C'est ce que des cédéroms, Doc(k)s-Alire, Poèmes et quelques
lettres,
ou des revues Doc(k)s et alire, se sont proposés d'illustrer. C'est aussi ce que
la collection " Génération " des éditions Ilias a essayé de révéler
en matière de génération de textes dès 1994 sous l'impulsion de Jean-Pierre
Balpe (et du directeur de cette maison d'édition, Yvan Gavriloff). C'est
encore ce que de premiers romans interactifs ont tenté d'explorer depuis
1994, que ce soit Fragments d'une histoire de Jean-Marie Lafaille, 20
% d'amour en plus
de François Coulon ou Frontières Vomies de Jean-Marie Pelloquin, en attendant ce
que de futurs drames interactifs, analogues à Sale Temps de Franck Dufour, Jacky
Chiffot et Gilles Armanetti, pourraient apporter encore d'inédit. Ces
premières tentatives n'en sont que des préfigurations.
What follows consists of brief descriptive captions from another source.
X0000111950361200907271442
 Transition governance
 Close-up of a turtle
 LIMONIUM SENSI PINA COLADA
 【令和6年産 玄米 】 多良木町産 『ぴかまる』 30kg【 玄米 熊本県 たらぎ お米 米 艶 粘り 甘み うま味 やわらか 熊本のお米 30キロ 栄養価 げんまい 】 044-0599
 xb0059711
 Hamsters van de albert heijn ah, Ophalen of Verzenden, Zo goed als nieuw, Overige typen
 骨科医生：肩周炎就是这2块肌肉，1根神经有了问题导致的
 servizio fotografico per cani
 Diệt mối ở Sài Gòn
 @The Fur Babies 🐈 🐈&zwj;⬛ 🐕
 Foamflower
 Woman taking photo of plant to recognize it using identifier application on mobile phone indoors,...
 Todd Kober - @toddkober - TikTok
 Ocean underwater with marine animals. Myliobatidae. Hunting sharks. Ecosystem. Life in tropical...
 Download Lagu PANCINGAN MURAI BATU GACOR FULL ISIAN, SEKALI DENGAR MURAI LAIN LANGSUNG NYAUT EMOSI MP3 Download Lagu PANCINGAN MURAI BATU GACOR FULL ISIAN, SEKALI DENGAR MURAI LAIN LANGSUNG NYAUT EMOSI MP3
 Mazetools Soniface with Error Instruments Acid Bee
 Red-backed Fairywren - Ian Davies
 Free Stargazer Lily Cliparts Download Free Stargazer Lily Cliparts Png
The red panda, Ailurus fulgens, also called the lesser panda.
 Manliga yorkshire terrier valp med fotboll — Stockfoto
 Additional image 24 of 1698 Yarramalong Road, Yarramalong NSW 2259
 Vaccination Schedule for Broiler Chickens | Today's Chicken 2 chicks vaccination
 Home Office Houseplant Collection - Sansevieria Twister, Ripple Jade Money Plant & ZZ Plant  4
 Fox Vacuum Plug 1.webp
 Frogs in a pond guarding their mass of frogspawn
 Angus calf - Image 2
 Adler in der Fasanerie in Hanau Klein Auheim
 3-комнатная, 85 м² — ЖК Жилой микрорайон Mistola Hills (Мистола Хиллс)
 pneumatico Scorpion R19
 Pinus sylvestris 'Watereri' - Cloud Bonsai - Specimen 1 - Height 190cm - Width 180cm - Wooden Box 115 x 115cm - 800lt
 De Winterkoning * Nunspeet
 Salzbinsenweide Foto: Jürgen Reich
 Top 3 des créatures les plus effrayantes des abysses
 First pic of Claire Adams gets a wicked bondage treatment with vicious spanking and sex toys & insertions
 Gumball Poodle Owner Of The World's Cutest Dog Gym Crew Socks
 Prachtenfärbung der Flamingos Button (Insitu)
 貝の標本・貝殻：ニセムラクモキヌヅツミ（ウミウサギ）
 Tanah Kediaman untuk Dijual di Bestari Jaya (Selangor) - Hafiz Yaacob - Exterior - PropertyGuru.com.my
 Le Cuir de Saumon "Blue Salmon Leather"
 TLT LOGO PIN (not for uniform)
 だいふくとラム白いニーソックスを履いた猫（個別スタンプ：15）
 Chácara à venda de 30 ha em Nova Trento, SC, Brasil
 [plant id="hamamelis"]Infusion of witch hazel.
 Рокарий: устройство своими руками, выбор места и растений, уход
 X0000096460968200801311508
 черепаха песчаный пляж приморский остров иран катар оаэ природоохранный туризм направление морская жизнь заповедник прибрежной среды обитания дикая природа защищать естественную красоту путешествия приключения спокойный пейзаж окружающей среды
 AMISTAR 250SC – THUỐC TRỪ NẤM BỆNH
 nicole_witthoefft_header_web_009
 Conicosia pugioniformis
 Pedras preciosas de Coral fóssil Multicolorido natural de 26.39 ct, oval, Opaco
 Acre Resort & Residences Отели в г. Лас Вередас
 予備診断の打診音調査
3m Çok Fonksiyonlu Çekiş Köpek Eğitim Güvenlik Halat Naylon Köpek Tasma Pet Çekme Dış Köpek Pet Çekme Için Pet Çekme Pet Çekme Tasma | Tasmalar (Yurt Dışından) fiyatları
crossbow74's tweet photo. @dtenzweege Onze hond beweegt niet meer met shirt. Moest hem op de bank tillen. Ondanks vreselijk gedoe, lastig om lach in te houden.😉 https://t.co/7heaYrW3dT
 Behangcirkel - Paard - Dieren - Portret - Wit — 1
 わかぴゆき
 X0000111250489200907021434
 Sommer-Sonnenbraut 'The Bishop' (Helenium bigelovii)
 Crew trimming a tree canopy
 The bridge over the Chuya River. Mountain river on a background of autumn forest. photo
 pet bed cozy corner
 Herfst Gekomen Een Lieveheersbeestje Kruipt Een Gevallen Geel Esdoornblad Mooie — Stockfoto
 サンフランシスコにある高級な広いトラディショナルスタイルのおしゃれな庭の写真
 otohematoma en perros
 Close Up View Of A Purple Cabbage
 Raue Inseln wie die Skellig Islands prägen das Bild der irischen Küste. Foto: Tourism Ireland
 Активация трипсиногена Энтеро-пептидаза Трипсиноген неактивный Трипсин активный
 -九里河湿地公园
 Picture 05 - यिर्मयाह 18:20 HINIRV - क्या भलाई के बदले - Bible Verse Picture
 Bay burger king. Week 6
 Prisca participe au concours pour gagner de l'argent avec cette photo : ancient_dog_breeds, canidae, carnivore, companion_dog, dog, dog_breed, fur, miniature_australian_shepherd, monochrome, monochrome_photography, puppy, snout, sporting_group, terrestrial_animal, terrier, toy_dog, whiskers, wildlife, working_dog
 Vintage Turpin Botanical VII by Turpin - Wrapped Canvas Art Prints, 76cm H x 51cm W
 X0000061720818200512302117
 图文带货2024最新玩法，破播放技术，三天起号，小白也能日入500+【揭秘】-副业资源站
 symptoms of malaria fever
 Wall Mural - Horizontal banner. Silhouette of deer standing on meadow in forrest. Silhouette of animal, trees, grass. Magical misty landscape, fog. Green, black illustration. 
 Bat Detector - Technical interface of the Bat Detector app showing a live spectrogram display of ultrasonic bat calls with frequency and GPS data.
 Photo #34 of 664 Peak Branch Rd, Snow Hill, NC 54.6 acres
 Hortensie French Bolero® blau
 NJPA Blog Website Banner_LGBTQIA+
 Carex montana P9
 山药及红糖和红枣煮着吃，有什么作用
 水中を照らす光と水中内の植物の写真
Il est probable que la
littérature électronique de demain sera au moins aussi riche et variée que la
littérature imprimée d'hier.
Cette originalité tient en particulier à la manière dont le matériau privilégié de la création littéraire, le " texte " ou les " textes ", se trouve remis en question par ce qu'on appelle l'" interaction " ou encore l'" interactivité ", c'est-à -dire le " dialogue " qui s'instaure entre un ordinateur et un utilisateur, le " lecteur ", dès lors que l'on cherche à se servir de cet instrument à des fins de création. Et là , matérialisée en deux étapes, une première sur un plan théorique et encore très abstrait dès le début des années 1960 avec les réflexion fondatrices de l'" Oulipo ", et une seconde, plus concrète, illustrée depuis le début des années 1990 par de nombreuses recherches dont la plupart se sont concentrées autour de la revue alire, là se situe peut-être une découverte capitale. En ces lieux d'avant-garde, une prise de conscience radicale est en train de s'opérer : la " littérature " n'est plus tout-à -fait la " littérature ". Une rupture s'est produite. Ce qui était perçu auparavant comme la " littérature " tend à légitimer des formes de création nouvelles, expérimentales, " électroniques ", dont le statut reste à déterminer. Cette littérature qui émerge est en effet fondamentalement symbolique, virtuelle et potentielle. Ce que ces auteurs nouveaux entendent par la " littérature " est devenu un processus dynamique, un acte recréateur. Ses promesses s'accomplissent lorsqu'elle se récrit et parce qu'elle se récrit. Le " lecteur " n'est plus un lecteur au sens traditionnel du terme. Il est devenu un " écrilecteur ", quelqu'un qui lit pour écrire et qui récrit pour se relire en une démarche créatrice sans fin parce qu'un " auteur " a accepté de lui déléguer, grâce à l'ordinateur, une partie de son propre pouvoir de création. Tout se transforme donc dans cette démarche nouvelle. Par cet acte d'" écrilecture ", par cet acte refondateur, la littérature acquiert une dimension supplémentaire. Ses richesses, ses virtualités, ses potentialités qu'un Stéphane Mallarmé ou qu'un Raymond Queneau avaient pressenties commencent à se révéler.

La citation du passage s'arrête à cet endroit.